Copy the data exactly. Images are the one exception.

**GIVEN MATERIAL:**

******

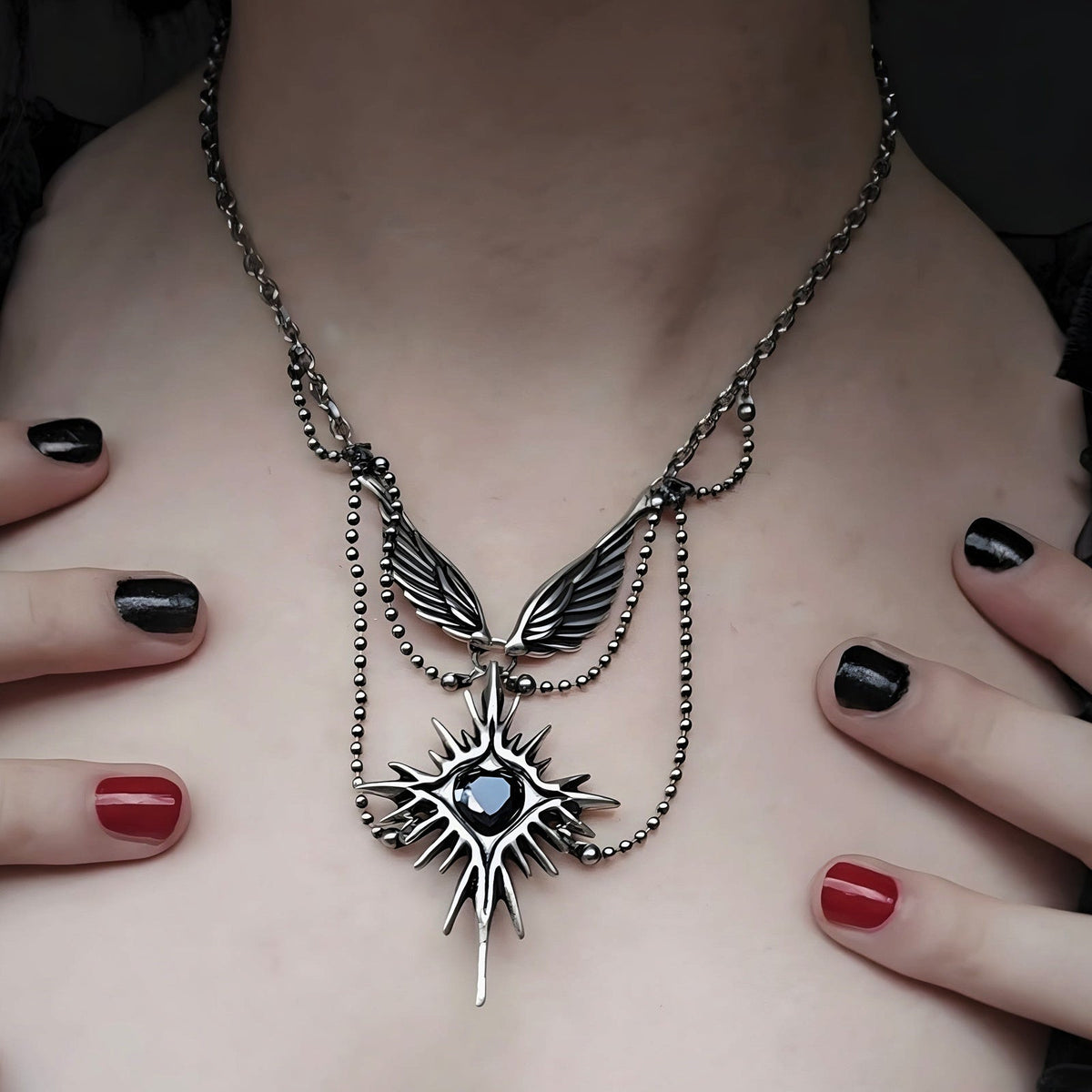 CELESTIAL STARBURST WINGS NECKLACE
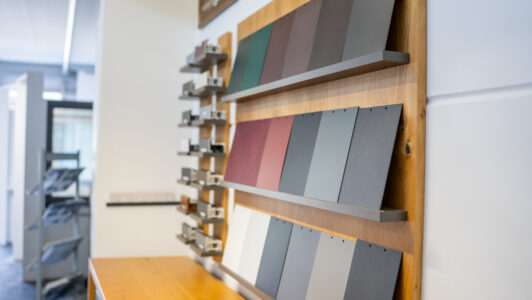 Auswahlwand im Showroom von Fensterbau Knipping mit Farbmustern und Profilschnitten für Fenster- und Türrahmen in verschiedenen Ausführungen.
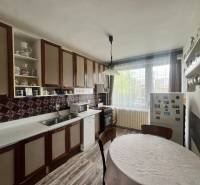 Konyha családi házban fa szekrényekkel, kerek asztallal és fa dekorációjú padlóval.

******

**RESULT:**
 CELESTIAL STARBURST WINGS NECKLACE
 Auswahlwand im Showroom von Fensterbau Knipping mit Farbmustern und Profilschnitten für Fenster- und Türrahmen in verschiedenen Ausführungen.
 Konyha családi házban fa szekrényekkel, kerek asztallal és fa dekorációjú padlóval.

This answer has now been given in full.